Is google-weather safe?
https://clawhub.ai/Shaharsha/google-weather
The google-weather skill provides a legitimate weather lookup service via Google's Weather API with clean Python code and no prompt injection attempts. However, the installation monitoring reveals concerning access to sensitive files (.aws/credentials, .env, auth-profiles.json) during the install phase, and the skill requests broad exec tool permissions. While these file accesses may be attributable to the OpenClaw runtime rather than the skill itself, they represent a real risk vector.
Category Scores
Findings (8)
HIGH AWS credentials file accessed during install -40 ▶
The filesystem monitor recorded an OPEN and ACCESS event on /home/oc-exec/.aws/credentials during the skill installation process. While this may be attributable to the OpenClaw runtime environment rather than the skill itself, it demonstrates that sensitive credential files are exposed during installation and could be read by a malicious skill's install hooks.

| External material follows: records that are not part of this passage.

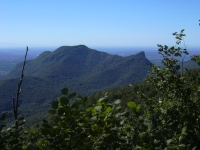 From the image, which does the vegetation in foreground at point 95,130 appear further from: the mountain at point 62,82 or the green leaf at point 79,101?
the mountain at point 62,82

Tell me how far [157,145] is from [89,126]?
0.40 m

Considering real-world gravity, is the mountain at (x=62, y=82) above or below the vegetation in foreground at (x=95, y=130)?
below

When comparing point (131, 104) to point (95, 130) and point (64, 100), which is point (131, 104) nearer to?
point (95, 130)

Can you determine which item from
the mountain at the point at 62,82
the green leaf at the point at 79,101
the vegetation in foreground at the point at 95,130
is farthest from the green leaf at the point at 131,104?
the mountain at the point at 62,82

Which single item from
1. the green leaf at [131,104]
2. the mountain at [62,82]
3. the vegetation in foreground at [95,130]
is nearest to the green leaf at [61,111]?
the vegetation in foreground at [95,130]

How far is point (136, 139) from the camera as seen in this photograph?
5.16ft

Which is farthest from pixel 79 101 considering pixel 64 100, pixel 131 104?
pixel 131 104

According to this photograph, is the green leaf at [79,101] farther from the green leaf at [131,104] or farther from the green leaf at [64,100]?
the green leaf at [131,104]

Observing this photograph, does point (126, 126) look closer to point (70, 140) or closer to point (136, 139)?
point (136, 139)

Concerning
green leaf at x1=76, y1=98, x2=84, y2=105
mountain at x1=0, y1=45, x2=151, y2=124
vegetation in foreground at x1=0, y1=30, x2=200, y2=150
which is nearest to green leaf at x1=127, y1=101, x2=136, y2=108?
vegetation in foreground at x1=0, y1=30, x2=200, y2=150

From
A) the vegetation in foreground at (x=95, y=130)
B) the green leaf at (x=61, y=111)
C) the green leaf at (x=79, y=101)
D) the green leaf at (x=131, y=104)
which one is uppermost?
the green leaf at (x=79, y=101)

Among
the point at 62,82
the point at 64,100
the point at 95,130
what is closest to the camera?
the point at 64,100

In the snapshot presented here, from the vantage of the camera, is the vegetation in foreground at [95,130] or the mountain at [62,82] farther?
the mountain at [62,82]

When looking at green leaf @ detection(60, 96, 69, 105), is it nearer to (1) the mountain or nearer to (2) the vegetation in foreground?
(2) the vegetation in foreground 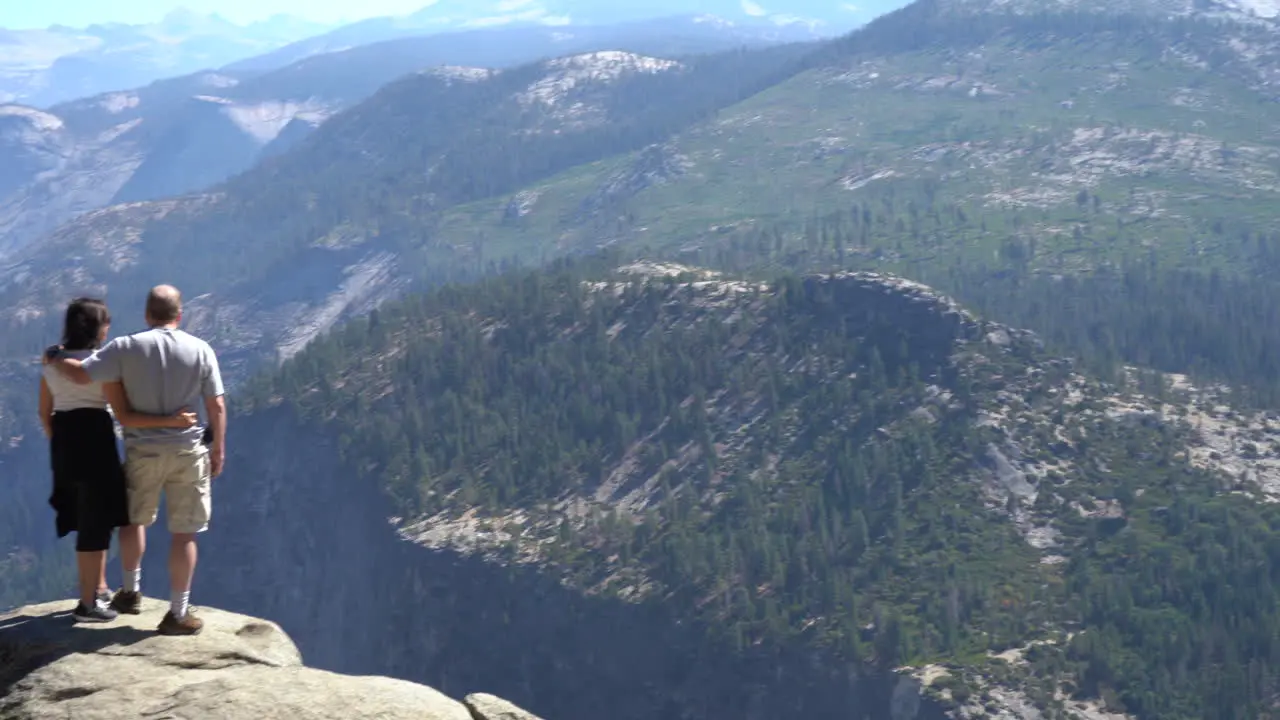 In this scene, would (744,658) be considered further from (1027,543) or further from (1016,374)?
(1016,374)

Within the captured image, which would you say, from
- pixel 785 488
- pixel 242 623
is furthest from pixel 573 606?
pixel 242 623

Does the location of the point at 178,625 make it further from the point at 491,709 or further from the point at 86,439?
the point at 491,709

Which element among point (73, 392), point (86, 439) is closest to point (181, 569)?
point (86, 439)

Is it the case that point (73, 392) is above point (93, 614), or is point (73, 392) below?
above

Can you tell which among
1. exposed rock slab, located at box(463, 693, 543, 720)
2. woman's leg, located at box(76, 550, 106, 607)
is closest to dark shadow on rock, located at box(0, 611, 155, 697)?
woman's leg, located at box(76, 550, 106, 607)

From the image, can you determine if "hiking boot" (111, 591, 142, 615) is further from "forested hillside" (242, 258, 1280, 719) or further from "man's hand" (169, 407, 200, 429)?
"forested hillside" (242, 258, 1280, 719)

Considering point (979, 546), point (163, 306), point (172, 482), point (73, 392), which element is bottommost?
point (979, 546) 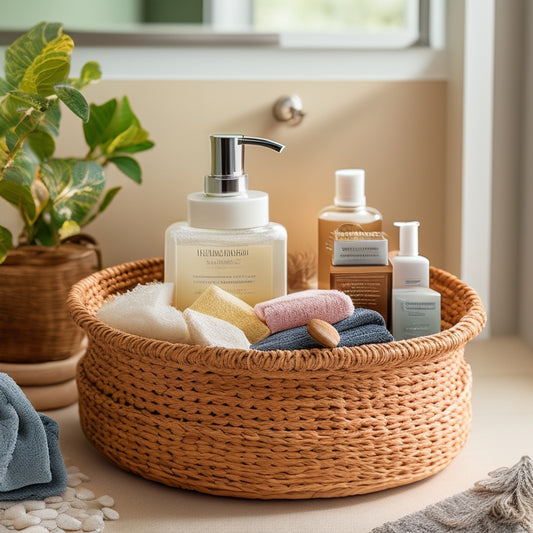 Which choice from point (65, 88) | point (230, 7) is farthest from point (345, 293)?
point (230, 7)

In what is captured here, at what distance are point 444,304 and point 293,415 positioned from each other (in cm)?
32

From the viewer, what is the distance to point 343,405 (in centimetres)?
66

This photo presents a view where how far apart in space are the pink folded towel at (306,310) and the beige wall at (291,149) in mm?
371

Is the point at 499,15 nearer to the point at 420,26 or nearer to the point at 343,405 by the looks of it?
the point at 420,26

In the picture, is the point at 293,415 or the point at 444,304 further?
the point at 444,304

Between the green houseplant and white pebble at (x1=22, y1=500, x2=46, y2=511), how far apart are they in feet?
0.90

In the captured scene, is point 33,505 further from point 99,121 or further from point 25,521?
point 99,121

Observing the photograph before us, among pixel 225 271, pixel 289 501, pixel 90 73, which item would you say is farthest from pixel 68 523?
pixel 90 73

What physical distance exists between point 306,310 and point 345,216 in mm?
217

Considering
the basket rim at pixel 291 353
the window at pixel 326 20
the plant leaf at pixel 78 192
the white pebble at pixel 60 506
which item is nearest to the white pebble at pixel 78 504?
the white pebble at pixel 60 506

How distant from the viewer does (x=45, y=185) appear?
896 mm

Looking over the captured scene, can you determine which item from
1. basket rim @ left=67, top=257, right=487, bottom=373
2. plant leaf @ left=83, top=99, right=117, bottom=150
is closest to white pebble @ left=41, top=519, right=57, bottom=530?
basket rim @ left=67, top=257, right=487, bottom=373

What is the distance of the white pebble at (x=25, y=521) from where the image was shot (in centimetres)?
63

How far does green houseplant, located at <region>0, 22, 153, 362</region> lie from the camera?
816 mm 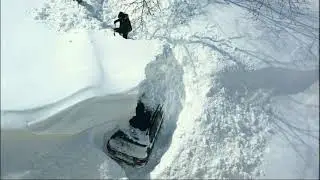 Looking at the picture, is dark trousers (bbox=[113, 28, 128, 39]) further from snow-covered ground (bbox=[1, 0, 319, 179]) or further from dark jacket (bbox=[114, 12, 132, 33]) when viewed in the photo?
snow-covered ground (bbox=[1, 0, 319, 179])

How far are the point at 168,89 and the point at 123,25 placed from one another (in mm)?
1494

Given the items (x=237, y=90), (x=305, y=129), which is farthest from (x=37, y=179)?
(x=305, y=129)

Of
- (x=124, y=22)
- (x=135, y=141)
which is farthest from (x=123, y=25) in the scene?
(x=135, y=141)

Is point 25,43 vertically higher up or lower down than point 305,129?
higher up

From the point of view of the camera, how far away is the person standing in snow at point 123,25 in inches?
382

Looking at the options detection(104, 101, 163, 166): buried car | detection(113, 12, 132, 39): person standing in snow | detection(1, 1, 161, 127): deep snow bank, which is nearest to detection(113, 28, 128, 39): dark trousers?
detection(113, 12, 132, 39): person standing in snow

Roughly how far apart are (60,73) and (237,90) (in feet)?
12.7

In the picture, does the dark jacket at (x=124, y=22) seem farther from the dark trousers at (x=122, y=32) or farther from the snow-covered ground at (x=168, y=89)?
the snow-covered ground at (x=168, y=89)

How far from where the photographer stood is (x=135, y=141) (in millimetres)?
8922

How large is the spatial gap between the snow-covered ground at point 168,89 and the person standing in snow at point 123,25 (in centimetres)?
28

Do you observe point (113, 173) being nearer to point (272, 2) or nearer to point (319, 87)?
point (319, 87)

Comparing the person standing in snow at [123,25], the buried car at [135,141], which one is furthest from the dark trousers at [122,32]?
the buried car at [135,141]

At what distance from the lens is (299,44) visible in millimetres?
11883

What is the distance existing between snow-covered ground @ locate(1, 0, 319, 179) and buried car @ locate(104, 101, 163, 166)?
5.8 inches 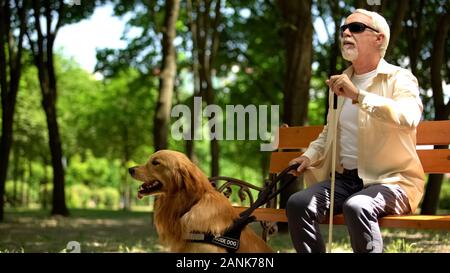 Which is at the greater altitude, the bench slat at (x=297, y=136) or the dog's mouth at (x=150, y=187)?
the bench slat at (x=297, y=136)

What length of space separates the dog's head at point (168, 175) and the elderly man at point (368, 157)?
684 mm

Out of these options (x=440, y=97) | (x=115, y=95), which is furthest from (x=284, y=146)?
(x=115, y=95)

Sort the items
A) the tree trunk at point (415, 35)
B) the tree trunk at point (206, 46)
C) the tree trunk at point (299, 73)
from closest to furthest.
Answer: the tree trunk at point (299, 73) → the tree trunk at point (415, 35) → the tree trunk at point (206, 46)

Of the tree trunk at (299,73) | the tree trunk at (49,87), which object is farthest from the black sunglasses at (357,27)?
the tree trunk at (49,87)

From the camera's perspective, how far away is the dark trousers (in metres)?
4.23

HIGH .env file accessed during install -30 ▶
The .env file at /home/oc-exec/.env was opened and read during skill installation. The .env file typically contains sensitive environment variables, API keys, and secrets. This access could allow a malicious skill to harvest credentials during the install phase.
MEDIUM Auth profiles accessed during install -15 ▶
The OpenClaw agent authentication profiles file was read during installation, which contains authentication tokens and credentials for configured services.
MEDIUM Broad exec tool permission requested -20 ▶
The skill requests 'allowed-tools: [exec]' which grants the agent shell execution capability. While needed to run the Python weather script, this permission allows arbitrary command execution if the skill's instructions are modified or if the agent misinterprets commands.
MEDIUM Outbound HTTP requests to Google APIs -10 ▶
The Python script makes outbound HTTP requests to weather.googleapis.com and maps.googleapis.com. These are legitimate Google endpoints, but the skill could be updated to redirect requests or add additional exfiltration endpoints in future versions.
LOW API key transmitted as URL parameter -10 ▶
The Google API key is sent as a query parameter in HTTP requests. While this is Google's standard authentication method, API keys in URLs can appear in server logs, proxy logs, and browser history. The key may have permissions beyond just Weather API access.
LOW Secondary environment variable fallback chain -10 ▶
The skill advertises support for multiple environment variable names (GOOGLE_API_KEY, GOOGLE_WEATHER_API_KEY, GOOGLE_MAPS_API_KEY). While convenient, this broadens the attack surface by encouraging users to share keys that may have permissions beyond weather access.
INFO OpenClaw runtime file access during install -5 ▶
Multiple reads of .openclaw/openclaw.json, .profile, and .bashrc were observed. These appear to be standard OpenClaw runtime bootstrapping behavior rather than skill-initiated actions, but they indicate the runtime environment does not isolate sensitive files from the skill install process.